Re: Re: Demise of the Euro closer? – Ignore this if it bores you

#104915
Anonymous
Participant

My simplistic view from the ground…..

@Chopera wrote:

However giving further loans to a country with a cronic deficit & debt problem will not cure it. Greece will eventually have to default. Unfortunately they’ll keep putting it off until there’s no alternative, therefore prolonging the agony.

Absolutely right Chopera. You can see it, the average Greek can see it, but the EU’s priority is simply “the EU project will not fail”. Prolonging the agony as you put it is achieving only one thing, burdening the Greeks with more debt that they can never repay.

How the heck is this type of borrowing ever going to be serviced? The answer is it can’t. Greece only has a population of 10 million people. The loans so far of €110 billion, with the ridiculous interest rate and repayment timeframe, can only result in failure. That’s without any new lending which would only delay the inevitable.
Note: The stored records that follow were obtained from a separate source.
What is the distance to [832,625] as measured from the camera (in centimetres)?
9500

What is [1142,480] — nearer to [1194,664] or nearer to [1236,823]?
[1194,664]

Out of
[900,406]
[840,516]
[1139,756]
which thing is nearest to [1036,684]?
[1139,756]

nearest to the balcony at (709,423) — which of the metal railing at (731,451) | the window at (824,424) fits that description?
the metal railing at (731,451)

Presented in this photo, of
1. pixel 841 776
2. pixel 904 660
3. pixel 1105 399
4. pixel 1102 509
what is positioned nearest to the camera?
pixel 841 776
But the elite of the EU, panicking that their pet project could fail, would rather ‘whip the dying donkey’ than admit it can no longer stand. Making Greece restrict some of it’s successful industries such as salt and flower production (making tens of thousands redundant) as a pre-requisite to joining the EU due to vested interests of other EU countries, is now viewed as ‘it’s all not been worth it’. Mis-use and abuse of EU funding over the years by politicians should warrant numerous jail sentences.
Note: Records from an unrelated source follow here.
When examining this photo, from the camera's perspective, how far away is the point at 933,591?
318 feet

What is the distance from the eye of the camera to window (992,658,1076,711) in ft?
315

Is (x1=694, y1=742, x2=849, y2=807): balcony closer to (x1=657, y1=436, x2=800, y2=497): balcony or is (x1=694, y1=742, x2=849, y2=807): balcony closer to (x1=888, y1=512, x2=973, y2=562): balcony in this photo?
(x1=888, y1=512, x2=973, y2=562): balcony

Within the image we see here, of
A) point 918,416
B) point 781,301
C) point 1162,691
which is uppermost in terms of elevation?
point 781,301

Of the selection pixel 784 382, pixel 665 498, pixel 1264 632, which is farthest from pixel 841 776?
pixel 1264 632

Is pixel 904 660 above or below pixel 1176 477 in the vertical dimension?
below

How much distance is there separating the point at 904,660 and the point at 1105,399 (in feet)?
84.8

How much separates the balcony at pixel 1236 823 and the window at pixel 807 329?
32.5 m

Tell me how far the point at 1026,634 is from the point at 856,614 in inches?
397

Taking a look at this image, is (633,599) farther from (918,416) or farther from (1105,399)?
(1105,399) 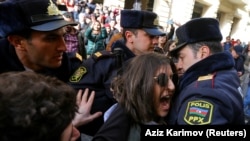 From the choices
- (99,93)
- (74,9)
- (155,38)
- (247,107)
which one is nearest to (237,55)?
(247,107)

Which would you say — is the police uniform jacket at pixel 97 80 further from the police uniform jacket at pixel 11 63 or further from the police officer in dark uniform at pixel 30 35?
the police officer in dark uniform at pixel 30 35

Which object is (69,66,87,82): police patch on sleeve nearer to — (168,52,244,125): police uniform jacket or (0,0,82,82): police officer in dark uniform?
(0,0,82,82): police officer in dark uniform

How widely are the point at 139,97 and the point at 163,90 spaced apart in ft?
0.54

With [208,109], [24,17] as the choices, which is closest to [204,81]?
[208,109]

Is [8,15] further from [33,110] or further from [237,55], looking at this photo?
[237,55]

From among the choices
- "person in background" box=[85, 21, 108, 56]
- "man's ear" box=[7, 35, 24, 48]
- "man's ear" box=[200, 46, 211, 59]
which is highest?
"man's ear" box=[7, 35, 24, 48]

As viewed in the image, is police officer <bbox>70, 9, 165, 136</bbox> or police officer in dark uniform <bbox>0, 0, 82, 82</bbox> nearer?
police officer in dark uniform <bbox>0, 0, 82, 82</bbox>

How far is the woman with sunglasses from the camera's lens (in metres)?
1.38

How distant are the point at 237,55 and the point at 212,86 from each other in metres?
6.42

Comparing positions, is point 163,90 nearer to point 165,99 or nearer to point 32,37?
point 165,99

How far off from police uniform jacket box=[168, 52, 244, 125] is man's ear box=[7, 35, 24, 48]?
0.86 meters

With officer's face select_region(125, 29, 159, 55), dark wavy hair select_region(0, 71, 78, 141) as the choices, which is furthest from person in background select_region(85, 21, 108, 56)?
dark wavy hair select_region(0, 71, 78, 141)

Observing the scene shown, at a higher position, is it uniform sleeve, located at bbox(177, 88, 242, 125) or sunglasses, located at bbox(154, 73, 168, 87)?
sunglasses, located at bbox(154, 73, 168, 87)

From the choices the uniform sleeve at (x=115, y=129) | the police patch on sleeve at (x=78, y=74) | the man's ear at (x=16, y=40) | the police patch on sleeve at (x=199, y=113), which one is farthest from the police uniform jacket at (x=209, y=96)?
the man's ear at (x=16, y=40) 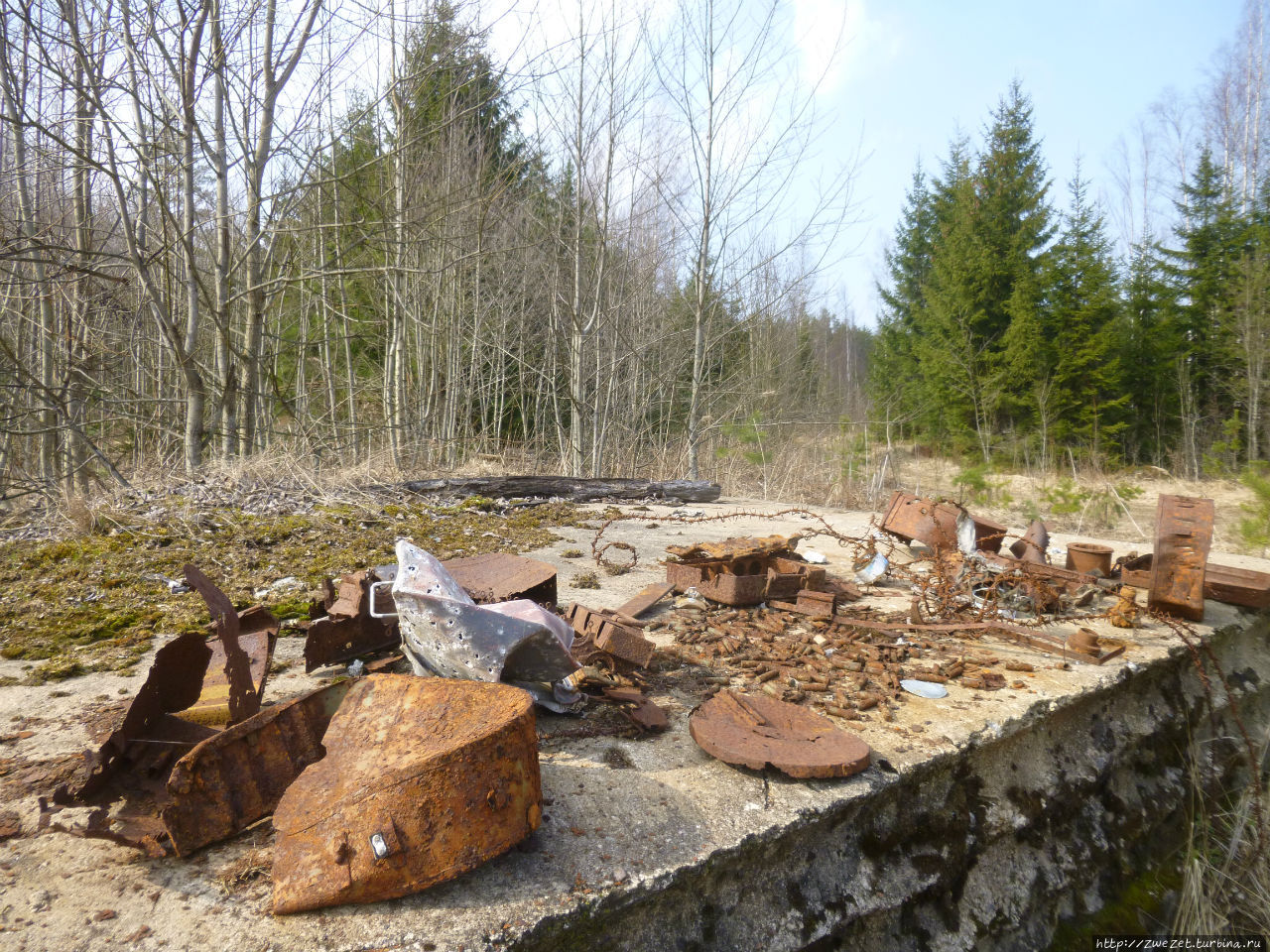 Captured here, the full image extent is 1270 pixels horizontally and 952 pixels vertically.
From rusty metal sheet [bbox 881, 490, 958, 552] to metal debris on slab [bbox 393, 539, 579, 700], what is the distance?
2.47 metres

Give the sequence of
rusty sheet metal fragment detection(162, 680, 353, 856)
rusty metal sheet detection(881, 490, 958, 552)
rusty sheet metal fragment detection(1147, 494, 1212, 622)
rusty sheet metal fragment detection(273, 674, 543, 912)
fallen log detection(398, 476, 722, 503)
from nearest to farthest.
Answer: rusty sheet metal fragment detection(273, 674, 543, 912), rusty sheet metal fragment detection(162, 680, 353, 856), rusty sheet metal fragment detection(1147, 494, 1212, 622), rusty metal sheet detection(881, 490, 958, 552), fallen log detection(398, 476, 722, 503)

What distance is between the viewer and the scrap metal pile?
4.78 ft

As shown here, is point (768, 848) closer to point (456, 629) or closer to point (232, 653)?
point (456, 629)

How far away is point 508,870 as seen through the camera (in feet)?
5.05

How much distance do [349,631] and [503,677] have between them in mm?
713

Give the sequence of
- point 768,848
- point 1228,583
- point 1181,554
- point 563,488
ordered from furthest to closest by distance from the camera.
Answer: point 563,488 → point 1228,583 → point 1181,554 → point 768,848

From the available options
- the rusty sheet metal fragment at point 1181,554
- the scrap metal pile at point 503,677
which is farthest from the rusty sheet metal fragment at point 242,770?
the rusty sheet metal fragment at point 1181,554

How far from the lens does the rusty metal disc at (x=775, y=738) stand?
195 cm

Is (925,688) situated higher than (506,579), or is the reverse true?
(506,579)

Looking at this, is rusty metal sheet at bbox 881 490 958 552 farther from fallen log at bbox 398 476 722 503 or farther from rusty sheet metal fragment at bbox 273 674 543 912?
fallen log at bbox 398 476 722 503

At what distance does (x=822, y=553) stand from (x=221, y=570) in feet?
12.3

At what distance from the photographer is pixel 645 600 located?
346 cm

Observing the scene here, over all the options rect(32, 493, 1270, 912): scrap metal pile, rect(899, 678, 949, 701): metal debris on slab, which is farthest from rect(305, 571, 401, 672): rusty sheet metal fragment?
rect(899, 678, 949, 701): metal debris on slab

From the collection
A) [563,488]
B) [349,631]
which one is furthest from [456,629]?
[563,488] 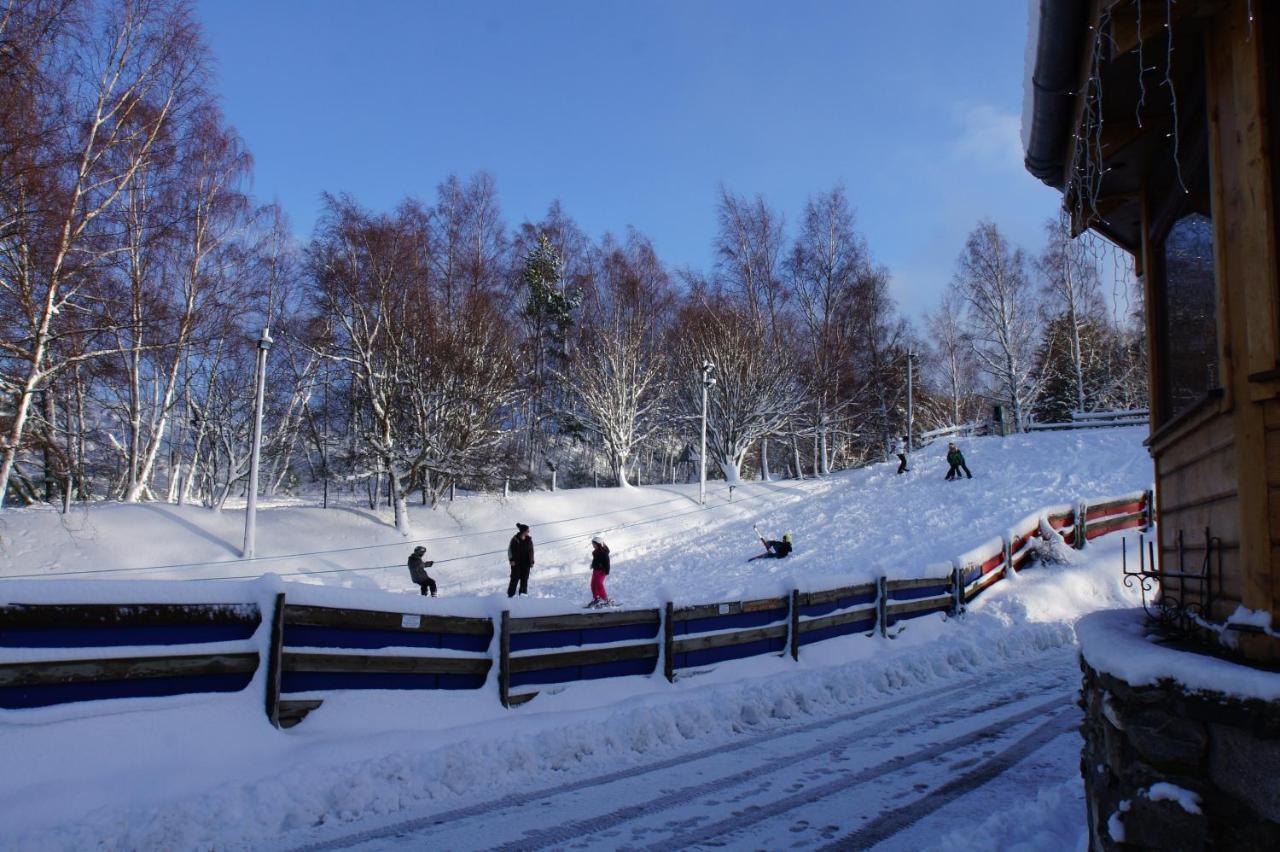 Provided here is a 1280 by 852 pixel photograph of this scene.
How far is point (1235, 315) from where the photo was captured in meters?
3.10

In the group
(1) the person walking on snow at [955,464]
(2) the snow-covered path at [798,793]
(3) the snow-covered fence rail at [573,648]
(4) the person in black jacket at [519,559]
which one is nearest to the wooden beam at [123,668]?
(2) the snow-covered path at [798,793]

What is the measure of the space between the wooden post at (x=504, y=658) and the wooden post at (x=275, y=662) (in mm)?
1968

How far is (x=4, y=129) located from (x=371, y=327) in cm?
1548

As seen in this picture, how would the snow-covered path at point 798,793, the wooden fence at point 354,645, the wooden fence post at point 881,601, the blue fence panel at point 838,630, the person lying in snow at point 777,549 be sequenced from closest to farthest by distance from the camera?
the snow-covered path at point 798,793
the wooden fence at point 354,645
the blue fence panel at point 838,630
the wooden fence post at point 881,601
the person lying in snow at point 777,549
Forget the tired ‘joke’ that Greeks are lazy and don’t like to pay taxes so it’s their own fault. The average employed Dimitris works hard and is taxed at source. The game of tax-avoidance is played the elite and the politicians who have their own businesses, masters of the loop-hole, smoke and mirrors.
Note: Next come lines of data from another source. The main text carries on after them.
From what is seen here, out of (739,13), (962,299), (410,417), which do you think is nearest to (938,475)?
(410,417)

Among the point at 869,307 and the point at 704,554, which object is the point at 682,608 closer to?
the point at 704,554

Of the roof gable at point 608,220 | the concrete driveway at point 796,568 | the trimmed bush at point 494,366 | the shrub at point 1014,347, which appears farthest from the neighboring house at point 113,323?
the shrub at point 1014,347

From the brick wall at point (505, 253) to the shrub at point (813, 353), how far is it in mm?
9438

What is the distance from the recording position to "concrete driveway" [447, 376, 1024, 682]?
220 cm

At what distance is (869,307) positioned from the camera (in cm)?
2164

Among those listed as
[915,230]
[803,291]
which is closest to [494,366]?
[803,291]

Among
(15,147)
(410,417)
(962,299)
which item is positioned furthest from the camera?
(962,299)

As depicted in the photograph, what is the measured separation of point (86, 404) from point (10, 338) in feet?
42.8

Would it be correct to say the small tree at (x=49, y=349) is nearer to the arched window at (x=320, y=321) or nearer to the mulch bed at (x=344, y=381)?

You can only cut the pensions of the elderly by so much, same for salaries. People are being made redundant by the tens of thousands, the cost of essentials are going through the roof (eg. taxation on petrol, foodstuffs etc). What is going on here is brutal but the sad truth is it won’t/can’t even dent the surface of this kind of borrowing. It is also ringing the death knell for any hope of kick-starting growth.

I repeat, the population is only 10 million – this size of borrowing, and possible further borrowing, can never be serviced and those up top should have the nuts to be honest and acknowledge that. The Greeks have been put in an untenable position and are paying a dear price for this insanity.